§ Task prompt
Retype word for word the stretch of entries below from the line that has "Jack&Chris Leather Portfolio" through the line that has "Best quality, (Detailed", and omit the pictures.

§ Supplied information
────────

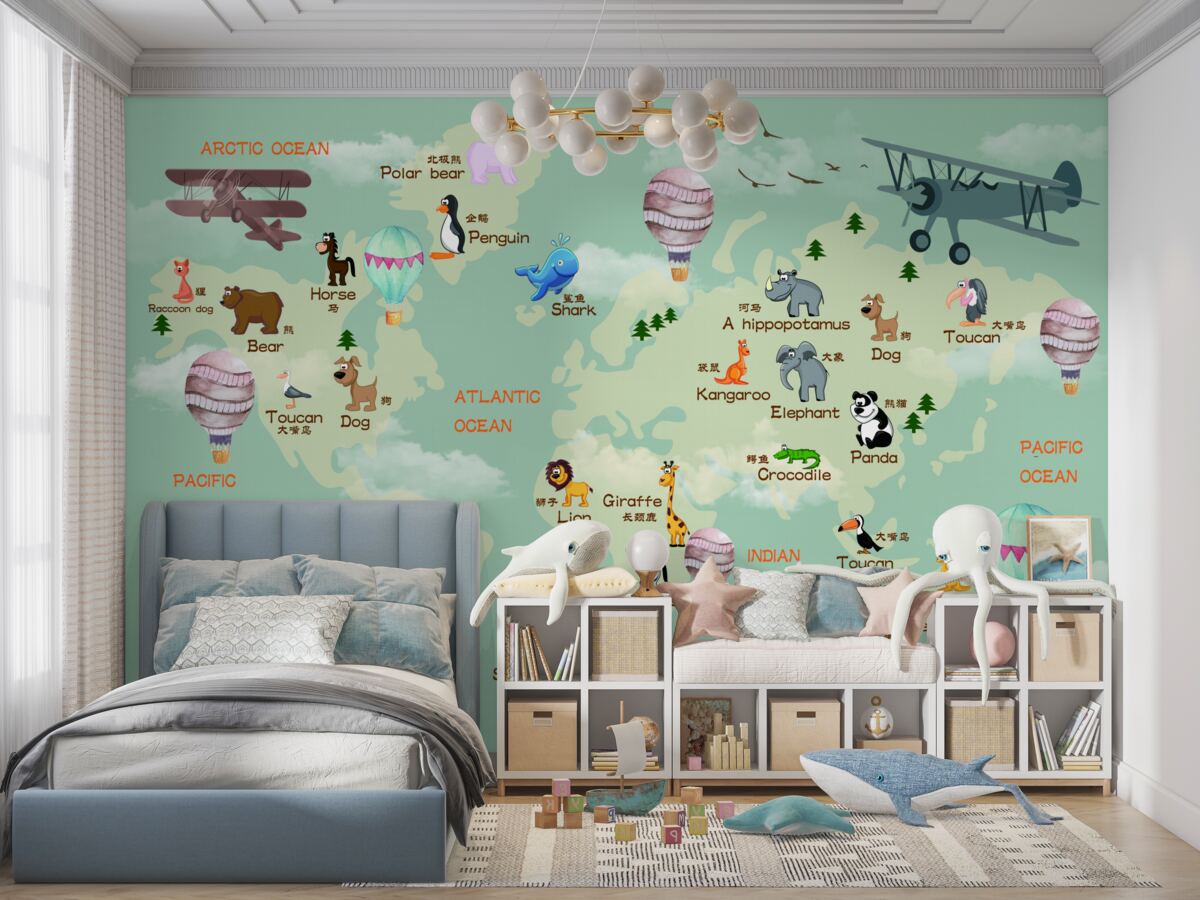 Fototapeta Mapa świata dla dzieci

────────

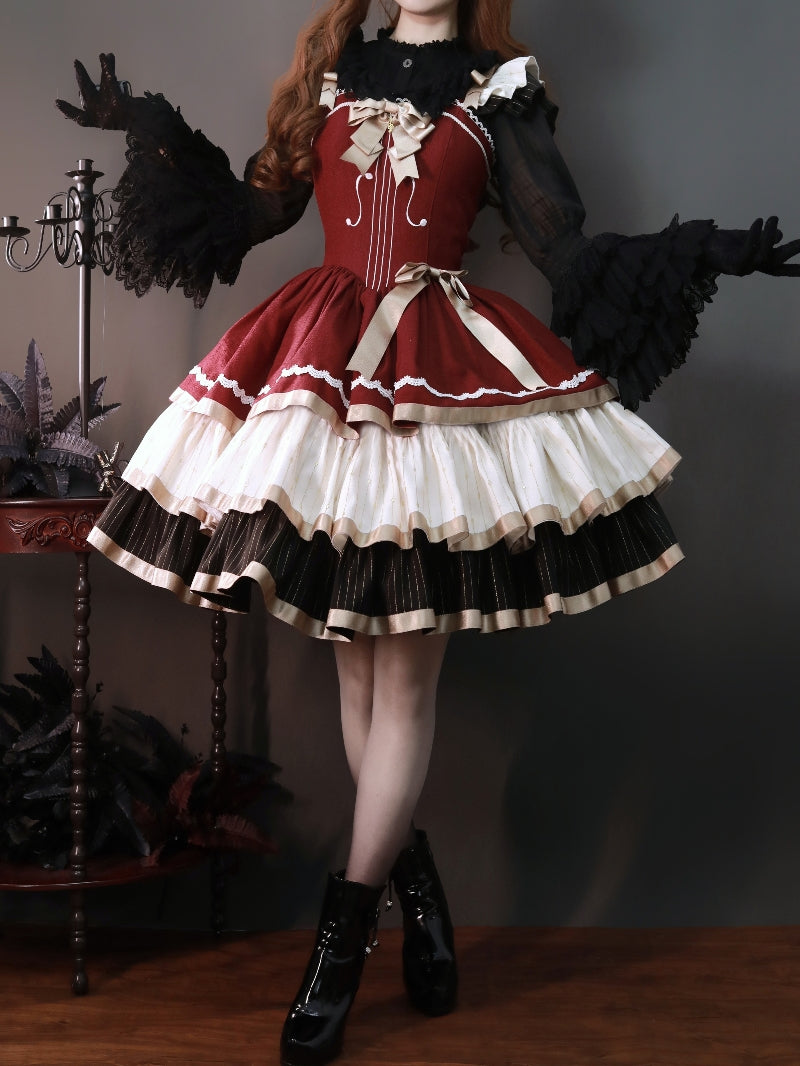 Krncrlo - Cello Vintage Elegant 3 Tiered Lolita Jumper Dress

────────

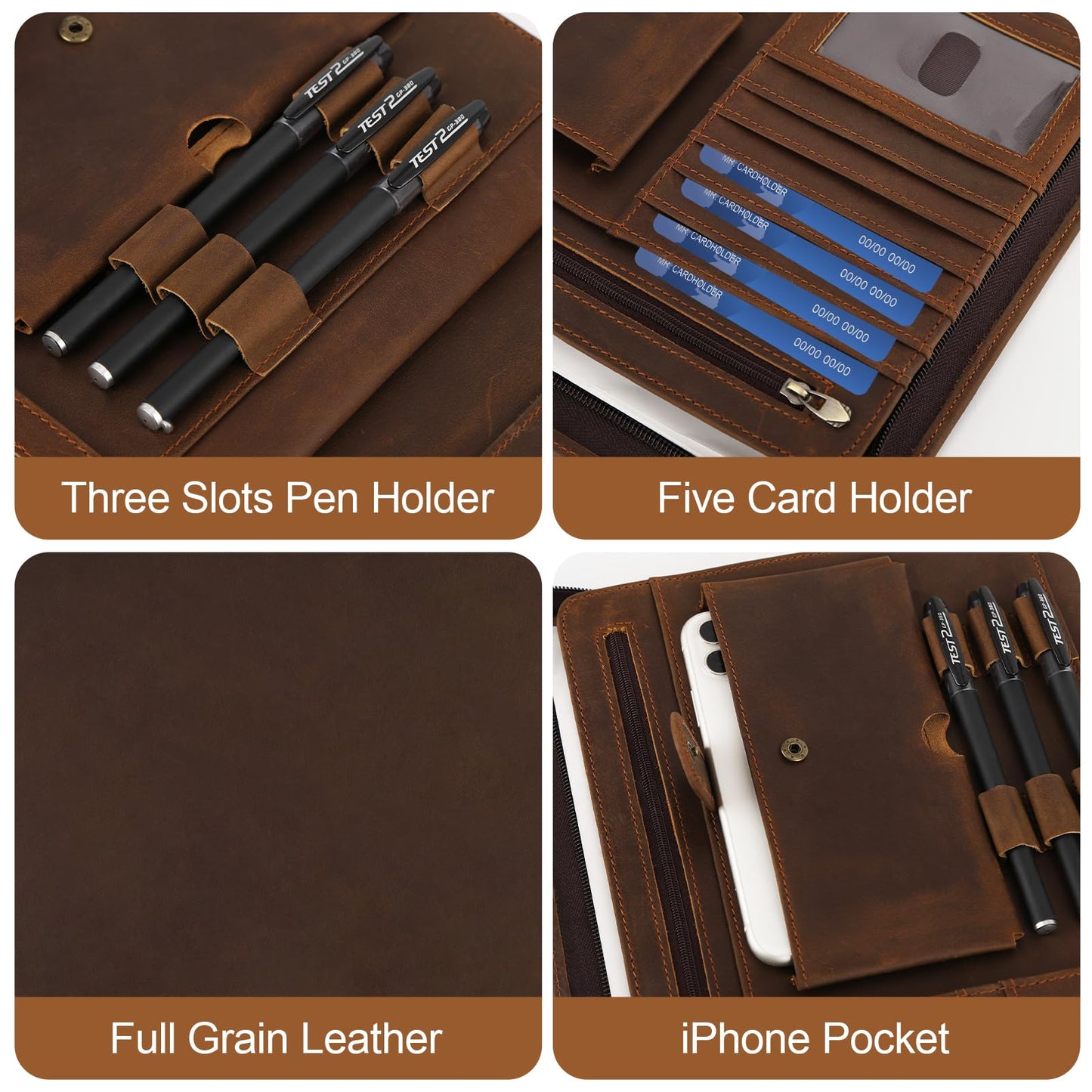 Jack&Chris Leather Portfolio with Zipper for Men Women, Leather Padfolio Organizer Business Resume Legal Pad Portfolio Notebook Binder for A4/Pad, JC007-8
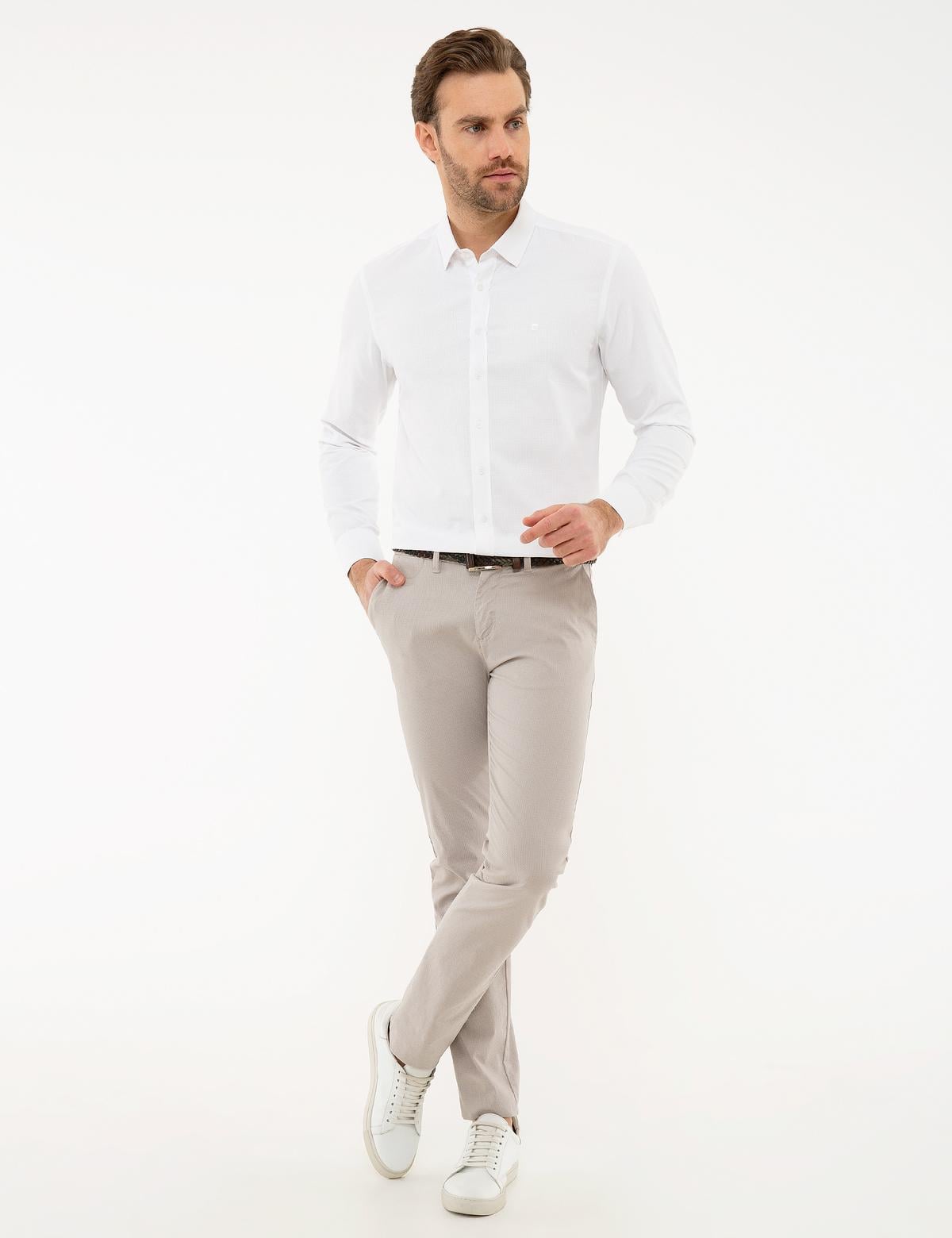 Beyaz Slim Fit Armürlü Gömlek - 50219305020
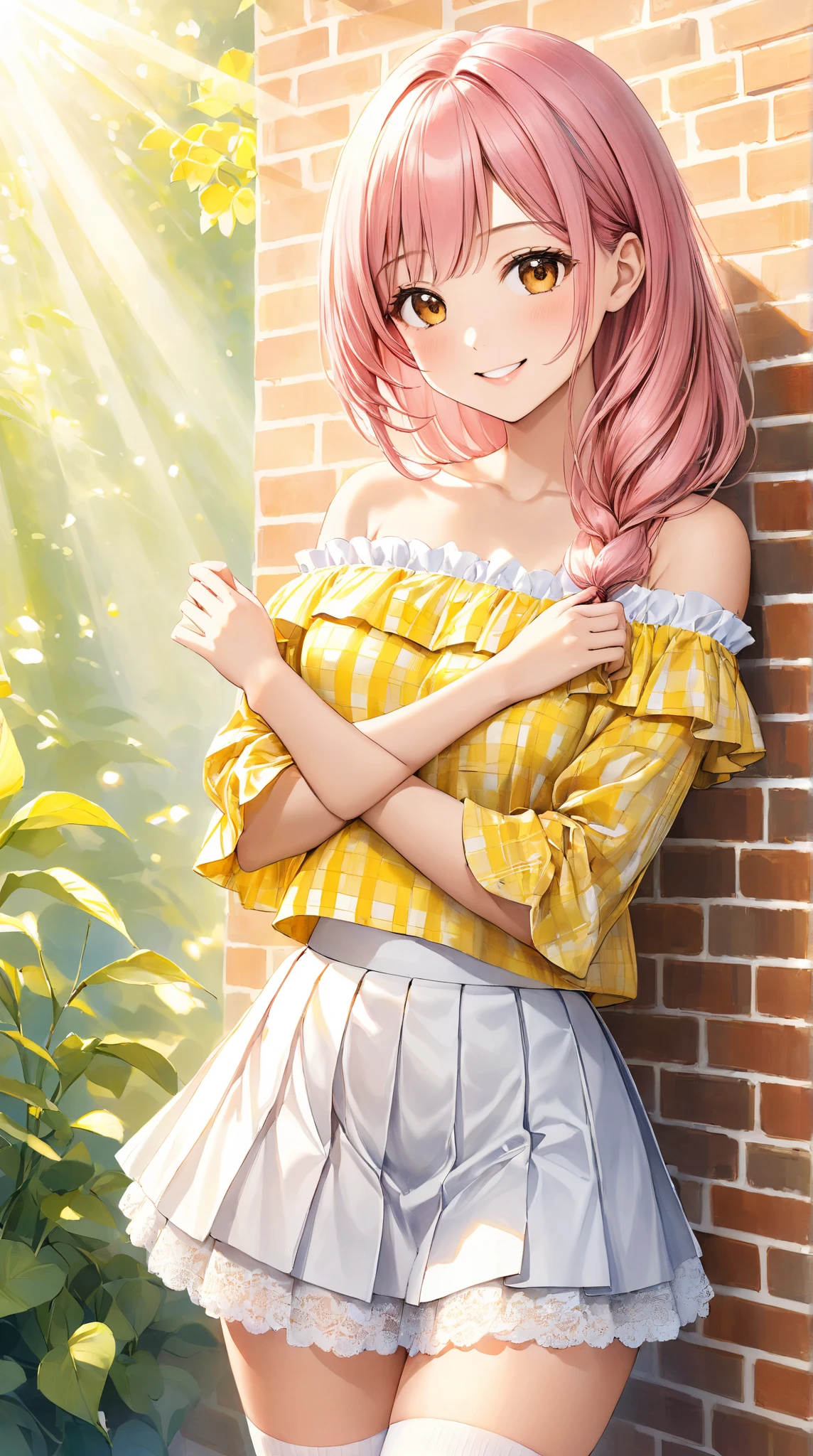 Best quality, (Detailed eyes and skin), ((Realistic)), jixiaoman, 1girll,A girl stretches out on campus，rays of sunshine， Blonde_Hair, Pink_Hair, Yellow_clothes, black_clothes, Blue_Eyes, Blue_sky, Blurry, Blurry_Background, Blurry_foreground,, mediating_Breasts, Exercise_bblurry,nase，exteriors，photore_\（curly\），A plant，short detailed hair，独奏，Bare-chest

────────

§ Response box
 Jack&Chris Leather Portfolio with Zipper for Men Women, Leather Padfolio Organizer Business Resume Legal Pad Portfolio Notebook Binder for A4/Pad, JC007-8
 Beyaz Slim Fit Armürlü Gömlek - 50219305020
 Best quality, (Detailed eyes and skin), ((Realistic)), jixiaoman, 1girll,A girl stretches out on campus，rays of sunshine， Blonde_Hair, Pink_Hair, Yellow_clothes, black_clothes, Blue_Eyes, Blue_sky, Blurry, Blurry_Background, Blurry_foreground,, mediating_Breasts, Exercise_bblurry,nase，exteriors，photore_\（curly\），A plant，short detailed hair，独奏，Bare-chest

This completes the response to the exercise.